[[ INFORMATION PROVIDED, beginning ]]
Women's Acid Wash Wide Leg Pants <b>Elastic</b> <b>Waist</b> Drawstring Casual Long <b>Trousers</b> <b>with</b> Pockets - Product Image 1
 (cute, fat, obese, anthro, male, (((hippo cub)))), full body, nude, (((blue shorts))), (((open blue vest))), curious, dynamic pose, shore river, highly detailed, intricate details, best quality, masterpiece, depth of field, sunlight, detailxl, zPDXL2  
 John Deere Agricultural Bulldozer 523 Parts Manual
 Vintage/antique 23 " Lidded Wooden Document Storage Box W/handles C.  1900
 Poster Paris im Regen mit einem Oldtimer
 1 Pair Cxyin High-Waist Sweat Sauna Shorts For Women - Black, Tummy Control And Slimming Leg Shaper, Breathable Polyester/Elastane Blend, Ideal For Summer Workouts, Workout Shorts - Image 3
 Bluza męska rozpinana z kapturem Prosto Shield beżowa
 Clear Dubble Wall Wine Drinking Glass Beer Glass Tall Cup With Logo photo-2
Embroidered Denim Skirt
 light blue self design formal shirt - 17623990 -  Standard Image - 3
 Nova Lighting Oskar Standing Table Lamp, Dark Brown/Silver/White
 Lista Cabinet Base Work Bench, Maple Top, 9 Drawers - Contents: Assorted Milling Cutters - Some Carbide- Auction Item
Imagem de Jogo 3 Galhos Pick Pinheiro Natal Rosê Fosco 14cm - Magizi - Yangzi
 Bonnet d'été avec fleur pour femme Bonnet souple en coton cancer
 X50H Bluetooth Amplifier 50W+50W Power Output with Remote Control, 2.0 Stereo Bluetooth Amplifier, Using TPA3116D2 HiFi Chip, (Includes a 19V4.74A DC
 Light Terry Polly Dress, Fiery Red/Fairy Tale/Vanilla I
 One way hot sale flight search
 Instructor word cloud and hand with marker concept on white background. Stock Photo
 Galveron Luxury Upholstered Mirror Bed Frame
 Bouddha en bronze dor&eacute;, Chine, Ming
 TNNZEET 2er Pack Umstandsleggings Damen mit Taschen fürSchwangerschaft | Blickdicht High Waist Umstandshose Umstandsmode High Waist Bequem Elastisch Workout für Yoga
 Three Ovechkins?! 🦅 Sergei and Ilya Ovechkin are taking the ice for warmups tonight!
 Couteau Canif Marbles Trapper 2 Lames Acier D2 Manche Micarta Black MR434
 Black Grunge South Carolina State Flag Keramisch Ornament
[[ INFORMATION PROVIDED, end ]]
*EXERCISE GOAL*
Would you tally the lines above holding "Control" and reply with the total alone?

*ANSWER BELOW*
2